Pictures aside, quote the whole listing exactly.
Data shown section start
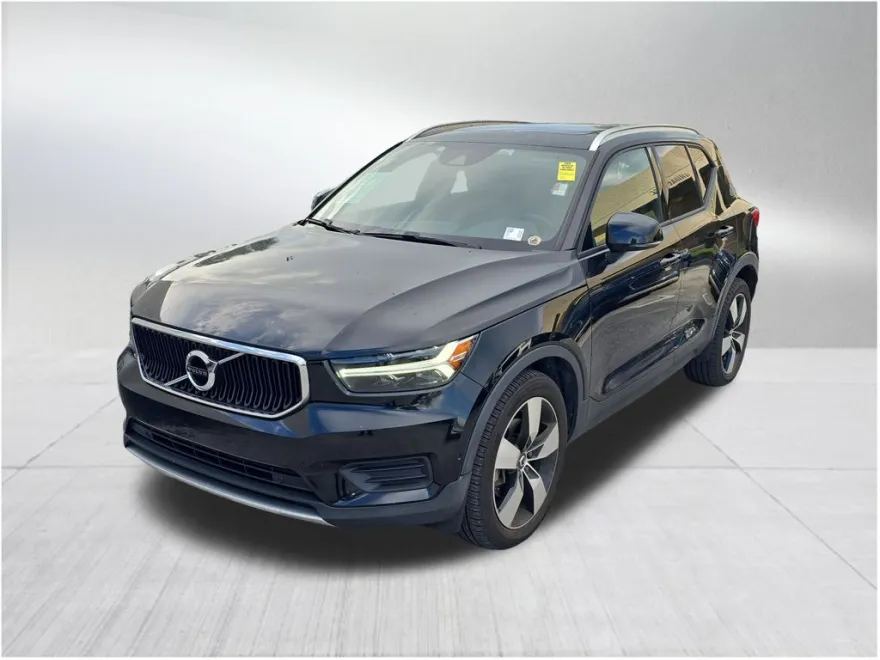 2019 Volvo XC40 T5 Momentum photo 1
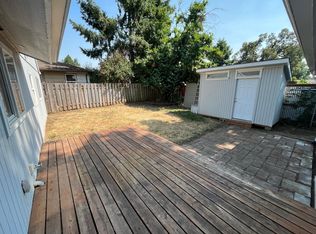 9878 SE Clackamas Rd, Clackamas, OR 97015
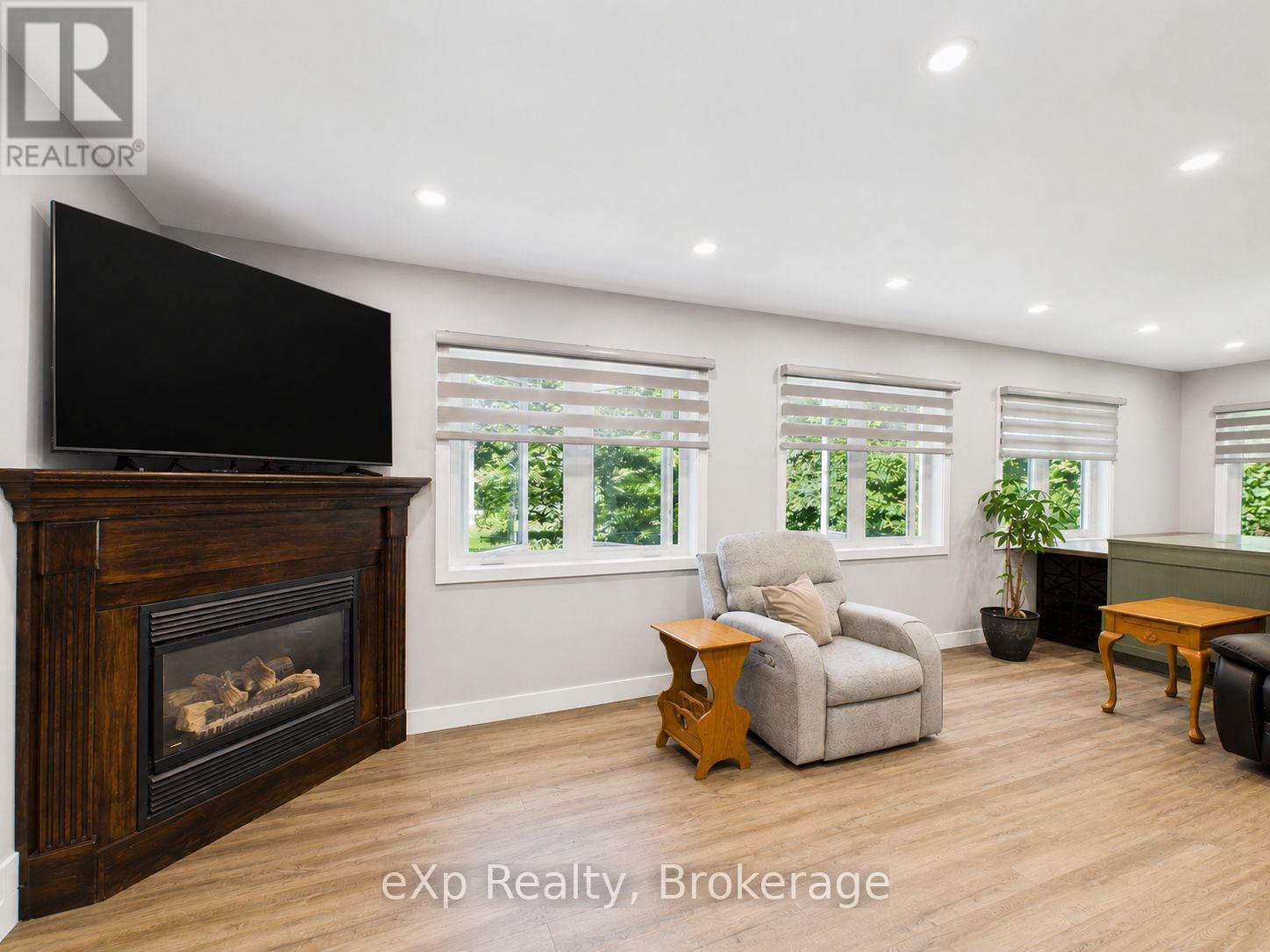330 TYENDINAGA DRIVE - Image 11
Data shown section end
• Task output
 2019 Volvo XC40 T5 Momentum photo 1
 9878 SE Clackamas Rd, Clackamas, OR 97015
330 TYENDINAGA DRIVE - Image 11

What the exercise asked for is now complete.